Many of the issues addressed in interrogatories also need to be covered in the insurer’s requests for production. Document requests that mirror the allegations contained in the plaintiff’s complaint are almost always necessary in order to evaluate the merits of the bad faith cause of action, and whether the claimant can meet his burden of proof in establishing the elements necessary to warrant a finding of bad faith. In this regard, requests for production must require the plaintiff to produce all documents that form the basis of the bad faith claim. Moreover, these document requests must also require the plaintiff to produce all documentary support for the damages aspect of his claim as well.
By far the most underutilized aspect of bad faith discovery is the insurer’s requests for admission, which can be brandished to obtain key admissions from the plaintiff as to relevant facts and opinions. This discovery tool serves several essential functions in the defense of bad faith claims, including providing the insurer with the crucial factual framework for a successful dispositive motion. Accordingly, any effective discovery plan must incorporate this device.
Known as “RFAs,” these requests can be used to streamline a case by narrowing and eliminating issues in the litigation and posturing the lawsuit for summary judgment disposition. Insurers can take advantage of this aspect of discovery towards the outset of a lawsuit to help explore the deficiencies and defects of a plaintiff’s bad faith claim and cement preliminary facts. In this regard, gaining admissions on uncontested points is beneficial for significantly narrowing the scope of the lawsuit at an early juncture in the litigation. In particular, because in many jurisdictions a finding of bad faith is precluded where coverage did not exist, factual admissions establishing that a plaintiff was not entitled to coverage are potential game-changers that often result in early termination of a bad faith lawsuit.

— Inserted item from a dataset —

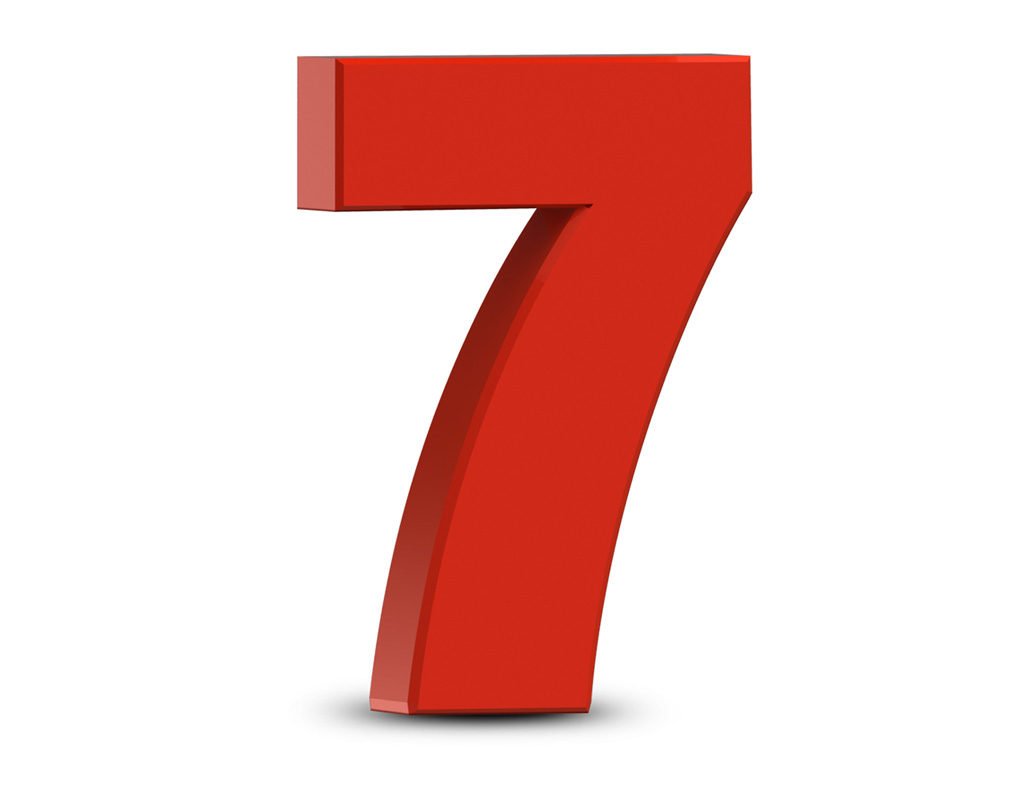 7...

With that said, because specific information and documentation is usually required before effective, targeted admission requests can be drafted, RFAs are typically utilized further down the road in the litigation process, during the latter portion of the discovery phase when evidentiary needs and tactical considerations become more apparent. Here, requests for admission are an extremely valuable instrument that can be used to establish the key facts that are essential to a successful dispositive motion. Importantly, if the plaintiff has put forth allegations that he is subsequently unable to support with his discovery responses, the insurer should pursue written admissions on this issue. This specific type of admission request should be crafted with a focus on the elements of the bad faith claim and the plaintiff’s inability to produce sufficient evidence to satisfy those elements. In many cases, preventing the plaintiff from being able to establish just a handful of key facts will cause the bad faith claim to collapse under the weight of plaintiff’s own burden of proof, setting up an easy win for the insurer on summary judgment.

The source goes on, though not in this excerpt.